Acht bis 15 Cent für die Nutzung der Nationalstraßen, denn die Autobahnen sind bereits mautpflichtig, " Re'zo re", "zu viel ist zu viel", riefen da die Bretonen. Die wirtschaftlichen Probleme sind in den Randregionen Frankreichs besonders ausgeprägt: In der Bretagne schließen Schlachthöfe und Agrarbetriebe, ziehen sich Autofirmen und Telekommunikationskonzerne zurück. So gingen sie alle auf die Straßen, Arbeiter, Bauern, Handwerker, Firmenchefs neben Beschäftigten. Die roten Mützen auf dem Kopf. An denen eine namhafte, bretonische Wollfabrik nun recht gut verdient. Elf Euro das Stück, vier Euro Gruppenrabatt.
Aber es gibt auch preiswerte Nachahmermodelle, weniger hochwertig und auf den Köpfen derer, die auf den fahrenden Zug der Protestbewegung aufsprangen, Jean-Marie Le Pen etwa, der greise Ehrenvorsitzende des extremen rechtspopulistischen "Front National."
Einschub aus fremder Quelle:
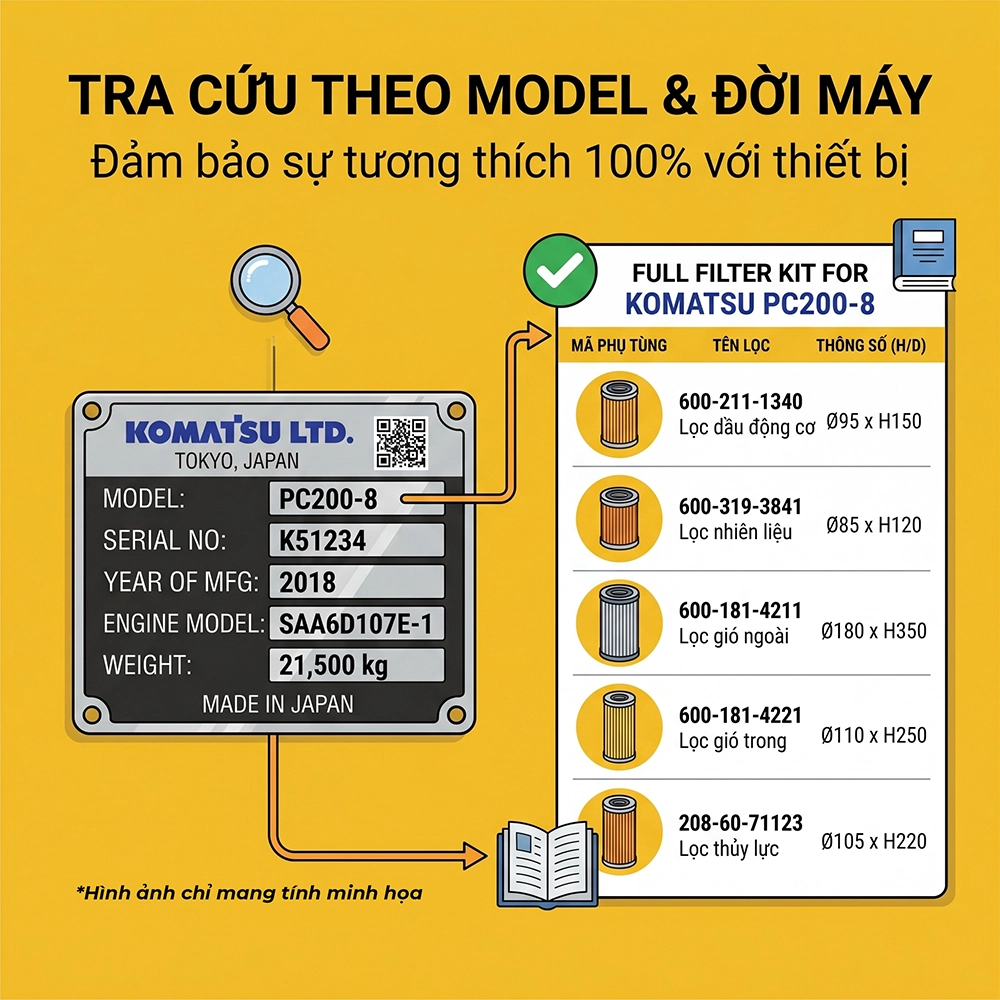 lọc gi&oacute; động cơ m&aacute;y cơ giới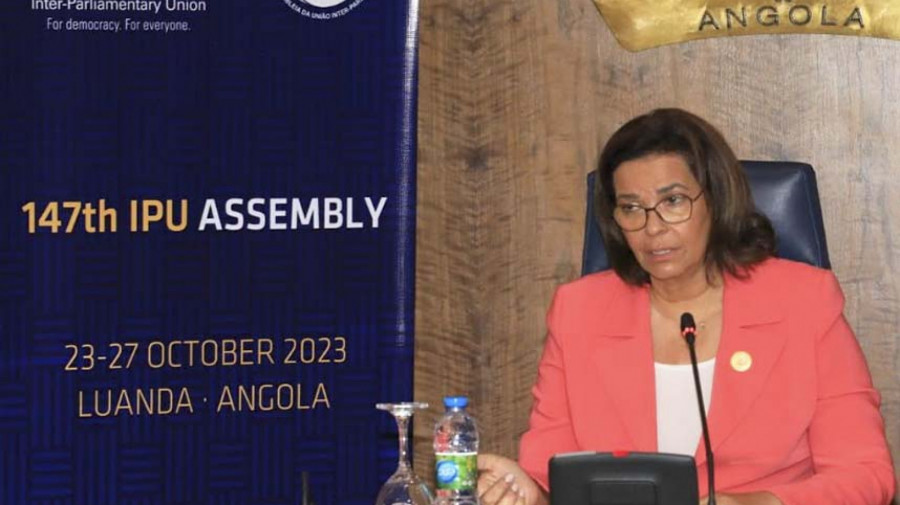 Porta-voz da 147&ordf; Assembleia Geral da UIP, Idalina Valente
"Ich bin Bretone mit Wurzeln im Morbihan. Und ich bin überzeugt, was in der Bretagne geschieht, hat nicht nur mit der Lkw-Maut zu tun, da geht es in Wahrheit um die Zukunftsängste der Franzosen, vor allem in den Regionen."
Ein Auftritt, den die etablierten Gewerkschaften Frankreichs auskosteten. Sie standen bei den Protesten ein wenig abseits, waren es nicht, die die Massen auf die Straßen gebracht hatten. Auch deshalb kritisieren sie die Bewegung jetzt, sagen, dort – in der Bretagne - seien "Poujadisten" am Werk - also jene Rechtsgerichteten, wie sie in den späten 50er-Jahren in Frankreich erfolgreich waren, darunter damals ein gewisser Jean-Marie Le Pen.
"Die ‚Bonnets Rouges‘ wollen doch nur Beschäftigte aus einem Teil Frankreich gegen einen anderen ausspielen, Franzosen gegen Franzosen, Regionen gegen Regionen,"
meint Thierry Leapon für die linke Gewerkschaft CGT, die sich mit einer anderen Gewerkschaft, der CFDT zusammengetan hat, um ihrerseits Demonstrationszüge zu organisieren, für Arbeit und soziale Fragen. Der Zulauf ist aber gering, die Rotmützen bringen mehr Menschen auf die Straße als die Syndikate, die gerne im Spiel bleiben möchten.
Und so entsteht eine gewisse Konkurrenz der Protestierenden. Für die Regierung ist das eine schwierige Lage, denn die Ansprechpartner sind damit zahlreich. Gestern blockierten Landwirte die Zufahrtsstraßen nach Paris, morgen will die Linksfront Richtung Finanzministerium marschieren. Was den Bretonen mit der Lkw-Maut gelang, möchte die radikale Linke mit der Mehrwertsteuererhöhung erreichen, die Anfang Januar ins Haus steht. Und immer mischen sich unter die Demonstranten solche mit roten Mützen, aber das Original stammt aus der Bretagne.